As a longtime journalist and a First Amendment lover, I have continuously fought for access to government proceedings and records. In fact, my noisy efforts to obtain full access to the government, particularly to judicial proceedings, have earned me the nickname “Sherry Sunshine.”
But just as strong as the need for access to information about the government is the right of every citizen to protection from the government’s access to information about him.
And in recent years, the need for protection has spread from the government to the private sector, where access to your government required Social Security number has made it possible for marketers to reduce you to a cipher in their marketing schemes-and for thieves to steal your very identity.
The growing crime of identity theft (the fraudulent use of someone else’s personal information to obtain something of value) has reached the point where as many as one in five of us may end up as the victim of a thief’s attempt to use our personal information to commit some type of fraud.
A couple of years ago, a former bank employee opened accounts in the name of several well-known New Orleanians such as car dealer Ronnie LaMarque and music company executive J. Parham Werlein. Arrested and charged with the crime, the defendant-who ended up pleading guilty-admitted he had used the computers in our own Monroe Library to apply for loans and credit cards.
Various suggestions to protect yourself from identity theft include checking your credit card statements each month, regularly obtaining your credit report, and shredding all your financial records.
But the most important step you can take is simply to stop allowing anyone to use your Social Security number for any purpose other than that for which it is legally required-which is to keep track of your money for income tax purposes.
So while your employer and your bank may require you to provide the number, other government bodies may not, and it is important for you to remove the number from any government-issued records.
If you haven’t already, go to the Driver’s License Bureau and obtain a new license, one without your Social Security number on it-ditto for your Voter’s Registration card.

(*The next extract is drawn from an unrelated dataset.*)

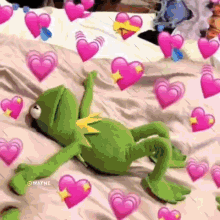 kermit the frog is laying on a bed surrounded by pink hearts and emojis .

If your home is outside Louisiana and your state hasn’t yet changed its laws to allow for removal of the Social Security number from these documents, lobby to change the law.
Don’t put the Social Security number on any credit card application or have the number printed on your checks. Never post your number online or use your number as a password. Don’t carry the Social Security card in your wallet. Make sure no one else uses your Social Security number as an identifier-and that includes your university.
Soon after my arrival here, I started a campaign of pestering the administration until they finally surrendered and took my number off my faculty ID card.
My understanding is that while, of course, Loyola must require a Social Security number in order to issue a paycheck, no faculty or staff member is required to have the number printed on his ID card.
I took the quest one step further and demanded issuance of a faculty ID number to replace the Social Security number for all purposes other than payroll.
And good news for students: the administration finally woke up and smelled the café au lait. Starting this fall, Loyola will no longer use your Social Security number as your student ID number.
According to Director of Registration Services Kathy Gros, over the summer, Information Technology will begin the process of assigning every student a nine-digit ID number, which will be brought in eventually to replace your Social Security number for all purposes.
Of course, students receiving any type of financial aid will still be required to supply Social Security numbers to the university, but this number will be embedded in your records and unavailable to outsiders.
Congratulations to Loyola for taking a first step, even before such a change may be mandated (as it already is in New York.) It’s a small step, but it’s progress on the road to protection from the horrors of identity theft.
~ Sherry Alexander is a professor of communications.